Medicines: Promotion of traditional practices

Natural medicine image

Traditional medicine is the sum total of knowledge, skills and practices based on the theories, beliefs and experiences indigenous to different cultures that are used to maintain health, as well as to prevent, diagnose, improve or treat physical and mental illnesses.

In some Asian and African countries, 80% of the population depend on traditional medicine for primary health care. We also estimate that more than one out of three drugs bought in Africa is containing either no therapeutic substance at all, or a substance whose dose is inadequate.

A study of traditional practices can ensure its perenity among the younger local generations and can help improve traditional treatments’ efficiency and reduce their risks.

Current Research

Our mission is to work towards sustainable improvement of sanitary conditions in the poorest contexts. Through the study of traditional health knowledge, we promote traditional practices and the use of locally-produced medicines.

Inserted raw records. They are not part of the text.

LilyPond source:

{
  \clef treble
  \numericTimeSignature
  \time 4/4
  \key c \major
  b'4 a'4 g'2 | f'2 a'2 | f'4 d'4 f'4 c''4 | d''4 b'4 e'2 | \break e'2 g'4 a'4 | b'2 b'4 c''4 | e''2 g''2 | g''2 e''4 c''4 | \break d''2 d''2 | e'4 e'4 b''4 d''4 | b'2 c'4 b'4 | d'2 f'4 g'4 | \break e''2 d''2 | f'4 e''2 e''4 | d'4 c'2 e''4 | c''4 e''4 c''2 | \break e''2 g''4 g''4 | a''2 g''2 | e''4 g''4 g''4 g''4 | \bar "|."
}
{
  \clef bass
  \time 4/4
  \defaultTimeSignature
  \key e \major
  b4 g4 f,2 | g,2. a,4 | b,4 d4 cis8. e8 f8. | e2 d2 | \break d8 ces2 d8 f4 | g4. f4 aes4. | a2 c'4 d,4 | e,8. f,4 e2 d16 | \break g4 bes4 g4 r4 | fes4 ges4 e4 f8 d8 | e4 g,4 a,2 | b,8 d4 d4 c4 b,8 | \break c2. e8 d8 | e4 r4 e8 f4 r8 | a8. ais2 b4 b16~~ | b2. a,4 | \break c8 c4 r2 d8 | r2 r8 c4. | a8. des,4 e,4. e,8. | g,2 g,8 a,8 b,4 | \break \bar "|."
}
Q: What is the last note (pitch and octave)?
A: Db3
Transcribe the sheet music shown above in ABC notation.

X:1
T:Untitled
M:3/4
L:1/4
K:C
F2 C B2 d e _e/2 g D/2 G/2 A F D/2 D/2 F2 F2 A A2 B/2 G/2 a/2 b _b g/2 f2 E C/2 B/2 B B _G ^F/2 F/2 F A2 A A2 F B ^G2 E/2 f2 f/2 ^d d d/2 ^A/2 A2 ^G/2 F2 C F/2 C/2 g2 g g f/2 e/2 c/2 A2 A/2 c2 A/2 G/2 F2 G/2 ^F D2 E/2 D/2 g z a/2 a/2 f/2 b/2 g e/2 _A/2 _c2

The research programmes that we support in Switzerland and Mali are studying the effectiveness of the most promising traditional methods, to improve them and produce them locally. They focus on greater community involvement in dealing with their health problems, malaria in particular. In order to achieve concrete, scientifically validated and economically viable proposals, it is essential to mobilize health professionals, those involved in traditional medicine and the people directly concerned.

  • Research in Mali and Switzerland: We have now proved that a plant widely spread in hot countries, Argemone mexicana, is very efficient to heal simple malaria. The original method of selecting local and traditional resources known as ‘reverse pharmacology’ has been shown to be particularly productive, through linkages of traditional medicine and therapeutic research.
  • Another simple technique, the technique of sublingual sugar, is proposed as a life-saving solution for children in the critical state of severe malaria. The results of this study in collaboration with the pediatric ward of the hospital in Sikasso in Mali were released in November 2008 in the Malaria Journal.